**PROMPT:** Please give back only the lines below from the one containing "Frustrated businesswomen sitting" to the one containing "Three people performing", each repeated word for word, both ends included.

**LISTED RECORDS:**
##############################

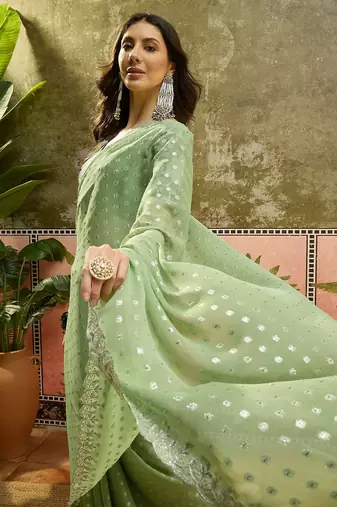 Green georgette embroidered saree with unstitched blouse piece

##############################

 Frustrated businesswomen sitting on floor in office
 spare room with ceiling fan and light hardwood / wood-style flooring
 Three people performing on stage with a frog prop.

##############################

**OUTPUT:**
 Frustrated businesswomen sitting on floor in office
 spare room with ceiling fan and light hardwood / wood-style flooring
 Three people performing on stage with a frog prop.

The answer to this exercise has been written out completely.